The editor of Downcodes learned that the Disney research team has released a new image compression method based on the Stable Diffusion V1.2 model. This method can generate high-realism images at low bit rates, and its performance surpasses existing JPEG and AV1 codecs. decoder. This breakthrough technology, called a "codec," cleverly utilizes the denoising process of the diffusion model to treat quantization errors in image compression as noise, allowing for efficient image reconstruction. This method does not require additional fine-tuning of the model, greatly reduces training costs, and performs well in multiple dataset tests.

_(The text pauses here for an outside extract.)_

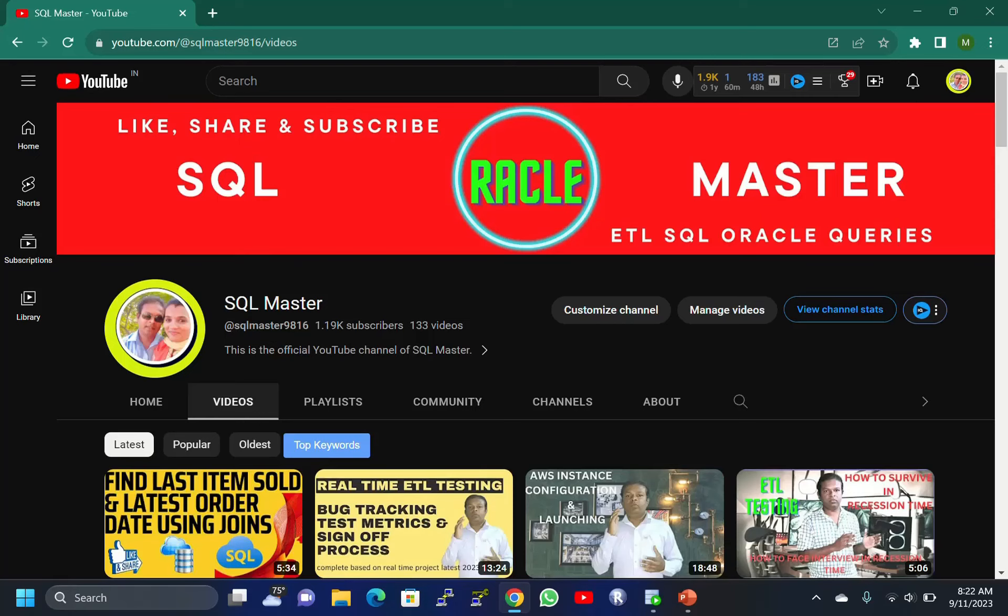Hi friends, good morning, welcome to SQL Master YouTube channel. Today we are going to discuss views - why we require views and what is the purpose of views with query examples. If you are not subscribed to SQL Master YouTube channel, kindly subscribe to get more videos about SQL, Oracle, and ETL testing.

This study shows that the new method performs better in restoring image details, and the required training cost is also greatly reduced. The researchers found that quantization error (a core process in image compression) is so similar to noise (a core process in diffusion models) that a traditionally quantized image can be thought of as a noisy version of the original image. In this process, the denoising process of the diffusion model is used to reconstruct the image at the target bit rate.
In a series of tests, Disney's new approach surpassed previous image compression techniques in both accuracy and detail recovery. The researchers say their method does not require additional fine-tuning of the diffusion model and can effectively use existing base models. The advantage of this new codec lies in its excellent performance in photorealistic reconstruction, although in some cases it may suffer from hallucinations, that is, artifacts may appear in the generated image that were not present in the original image. details.
Although this compression method has a certain impact on the rendering of works of art and ordinary photos, in some application scenarios where details are important, such as forensic evidence, facial recognition data, and optical character recognition (OCR) scanning, the potential for hallucinations Risk becomes more important. Currently, although this technology is still in its infancy, with the development of AI-enhanced image compression technology, challenges in this field will gradually emerge.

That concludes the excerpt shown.